-- Opening Marker --
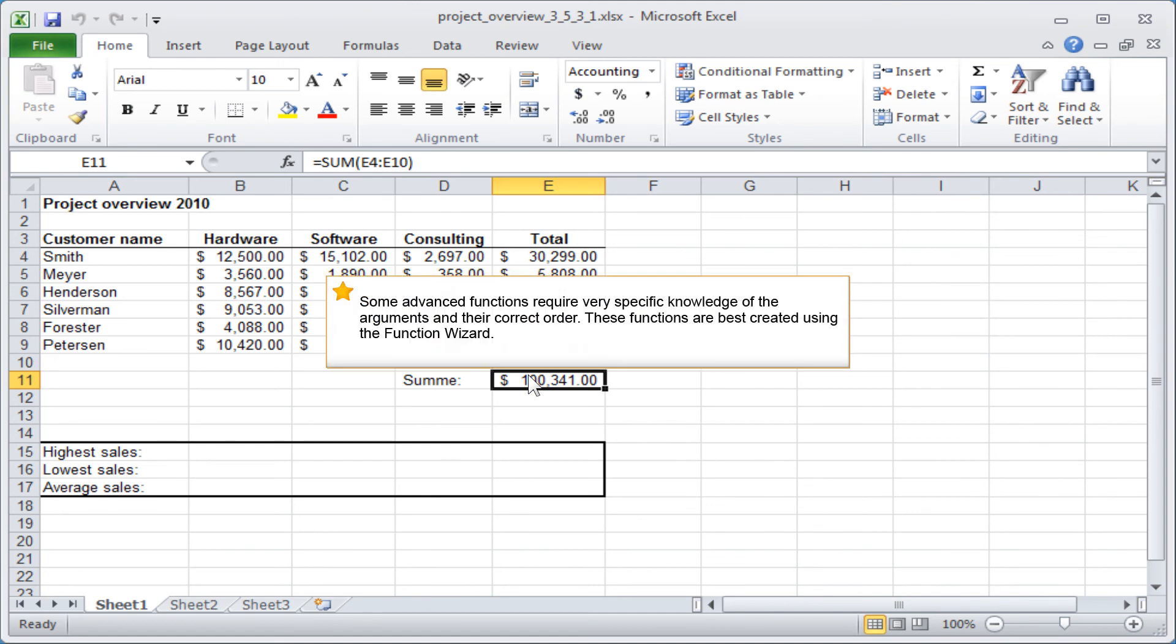Some advanced functions require very specific knowledge of the arguments and their correct order. These functions are best created using the function wizard.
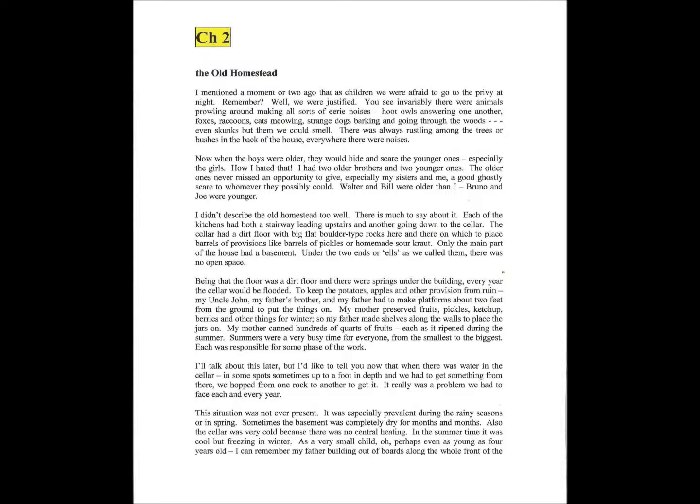About two feet from the ground to put the things on. My mother preserved fruits, pickles, ketchup, berries, and other things for winter, so my father made shelves along the walls to place the jars on. My mother canned hundreds of quarts of fruits, each as it ripened during the summer. Summers were a very busy time for everyone, from the smallest to the biggest. Each was responsible for some phase of the work.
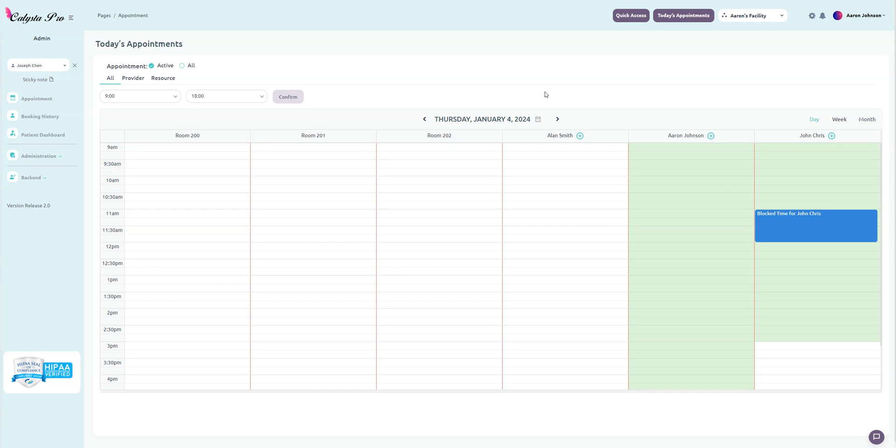Hello everybody, this is Aaron with Close to Pro EMR. In this video I'll be showing how to add a provider schedule and how to integrate with Google Calendar.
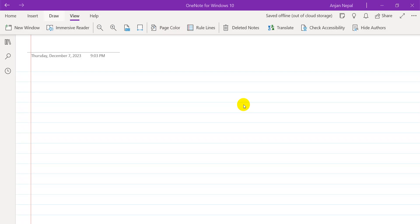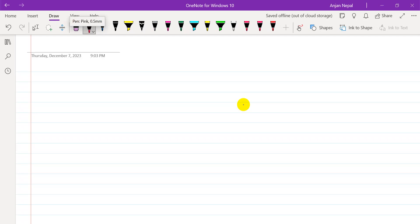Today's topic is condolence — messages of condolence, condolence letters. When someone is dead, when your friend or your relative dies, then you write a condolence letter.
-- Closing Marker --
#### HOW TO COMPLETE THIS TASK
Restate the listing above word for word. Leave the images out.

#### TASK OUTPUT
Some advanced functions require very specific knowledge of the arguments and their correct order. These functions are best created using the function wizard.
About two feet from the ground to put the things on. My mother preserved fruits, pickles, ketchup, berries, and other things for winter, so my father made shelves along the walls to place the jars on. My mother canned hundreds of quarts of fruits, each as it ripened during the summer. Summers were a very busy time for everyone, from the smallest to the biggest. Each was responsible for some phase of the work.
Hello everybody, this is Aaron with Close to Pro EMR. In this video I'll be showing how to add a provider schedule and how to integrate with Google Calendar.
Today's topic is condolence — messages of condolence, condolence letters. When someone is dead, when your friend or your relative dies, then you write a condolence letter.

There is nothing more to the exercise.